Espécies invasoras surgem no Báltico
Espécies exóticas (também chamadas de espécies invasoras ou não indígenas) são aquelas que as pessoas transportaram de um local para outro, intencionalmente ou acidentalmente. Elas geralmente chegam quando os navios descarregam água de lastro. Cerca de dez espécies de peixes exóticos vivem atualmente na área finlandesa do Mar Báltico.
Entre 2011 e 2016, uma dúzia de espécies marinhas, incluindo algas, crustáceos, caracóis e vermes, foram introduzidas no Báltico, de acordo com a Comissão de Proteção ao Ambiente Marinho do Báltico, com sede em Helsinque. As espécies invasoras formam o aspecto de um ecossistema em rápida mudança; elas fazem parte do panorama de como as mudanças climáticas estão impactando os ciclos de vida, os padrões de migração e a sobrevivência dos peixes em todo o mundo.
Por causa dos invernos mais amenos, um número crescente de espécies exóticas é capaz de prosperar no Báltico. Isso criou interrupções nas espécies de peixes indígenas que povoaram o habitat do Báltico por milhares de anos.
O goby redondo é um exemplo de uma espécie invasora que se beneficiou com o aquecimento da água. Originalmente nativo das áreas do Mar Negro e do Mar Cáspio, encontrou as condições do Báltico favoráveis e é capaz de sobreviver durante o inverno. O goby redondo foi notado pela primeira vez no Báltico em 1990 e depois se multiplicou exponencialmente.
Projetando no futuro
A cobertura de gelo do Báltico atingiu apenas 37 mil quilômetros quadrados no inverno de 2019–20, que foi a menor já registrada. Os dados obtidos por satélite começaram em 1979, e outros métodos de observação remontam aos anos 1700. A cobertura média de gelo desde 1991 é de 141 mil quilômetros quadrados, enquanto a superfície total do Báltico é de 420 mil quilômetros quadrados. No futuro, esperamos continuar a ver uma temporada de gelo mais curta e uma cobertura de gelo mais fina.

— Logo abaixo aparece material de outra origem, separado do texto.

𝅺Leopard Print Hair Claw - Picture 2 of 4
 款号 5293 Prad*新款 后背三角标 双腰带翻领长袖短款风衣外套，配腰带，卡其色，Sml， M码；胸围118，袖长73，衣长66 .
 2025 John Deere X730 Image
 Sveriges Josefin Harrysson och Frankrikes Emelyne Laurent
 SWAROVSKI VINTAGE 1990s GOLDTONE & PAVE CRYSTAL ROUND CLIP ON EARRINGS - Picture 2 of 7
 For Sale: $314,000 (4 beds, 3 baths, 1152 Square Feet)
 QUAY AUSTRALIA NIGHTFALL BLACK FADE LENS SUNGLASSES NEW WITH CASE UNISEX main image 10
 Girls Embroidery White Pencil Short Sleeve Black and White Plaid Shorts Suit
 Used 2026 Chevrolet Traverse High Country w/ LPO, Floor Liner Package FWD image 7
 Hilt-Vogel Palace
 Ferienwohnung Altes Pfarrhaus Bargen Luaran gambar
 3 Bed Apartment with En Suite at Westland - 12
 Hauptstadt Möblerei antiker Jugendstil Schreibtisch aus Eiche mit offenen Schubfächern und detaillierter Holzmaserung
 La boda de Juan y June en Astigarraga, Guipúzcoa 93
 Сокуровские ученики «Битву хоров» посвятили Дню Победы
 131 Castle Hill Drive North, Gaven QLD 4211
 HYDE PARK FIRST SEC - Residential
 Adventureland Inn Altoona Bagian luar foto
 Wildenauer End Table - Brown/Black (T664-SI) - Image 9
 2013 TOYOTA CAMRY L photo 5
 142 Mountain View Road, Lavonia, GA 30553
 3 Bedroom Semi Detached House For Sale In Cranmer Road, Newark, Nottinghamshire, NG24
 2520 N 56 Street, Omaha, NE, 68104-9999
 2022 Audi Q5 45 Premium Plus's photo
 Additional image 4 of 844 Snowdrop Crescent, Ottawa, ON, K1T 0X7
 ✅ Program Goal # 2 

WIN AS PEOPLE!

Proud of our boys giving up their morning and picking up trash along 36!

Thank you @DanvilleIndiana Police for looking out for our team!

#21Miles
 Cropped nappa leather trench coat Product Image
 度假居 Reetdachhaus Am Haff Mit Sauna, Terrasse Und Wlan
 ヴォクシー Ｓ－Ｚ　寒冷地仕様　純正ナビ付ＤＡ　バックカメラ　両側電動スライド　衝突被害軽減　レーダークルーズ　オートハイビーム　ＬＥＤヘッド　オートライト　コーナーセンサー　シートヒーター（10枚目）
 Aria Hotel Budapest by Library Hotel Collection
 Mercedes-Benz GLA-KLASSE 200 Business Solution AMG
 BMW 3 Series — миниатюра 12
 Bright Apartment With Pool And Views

As mudanças também estão afetando a vida selvagem além dos peixes. A cobertura de gelo sazonal é uma parte central do ciclo de vida da foca anelada do Báltico. “Essas focas mantêm buracos abertos no gelo durante o inverno para poder respirar”, diz Raitaniemi. As focas fazem tocas em montes de neve no gelo marinho. “Elas precisam de gelo e neve para parir.” (Uma espécie de água doce relacionada, a foca anelada de Saimaa, gravemente ameaçada, vive apenas no Lago Saimaa, no sudeste da Finlândia, e também depende do gelo e da neve.)
O ambiente aquático e a teia alimentar são complexos. A longo prazo, porém, podemos esperar que o aquecimento do Báltico tenha efeitos severamente perturbadores sobre os animais que vivem ou dependem do mar.
Além das mudanças climáticas, outros fatores de estresse para os peixes do Mar Báltico incluem a eutrofização (níveis excessivos de nutrientes, muitas vezes decorrentes do escoamento de fertilizantes agrícolas), exposição a produtos químicos perigosos e pesca excessiva ocasional.
“Para evitar mudanças substanciais no futuro, precisamos continuar trabalhando para reduzir a eutrofização e interromper as mudanças climáticas, mesmo que seja muito difícil”, diz Olsson. “E, claro, uma coisa realmente importante é impactar os políticos.”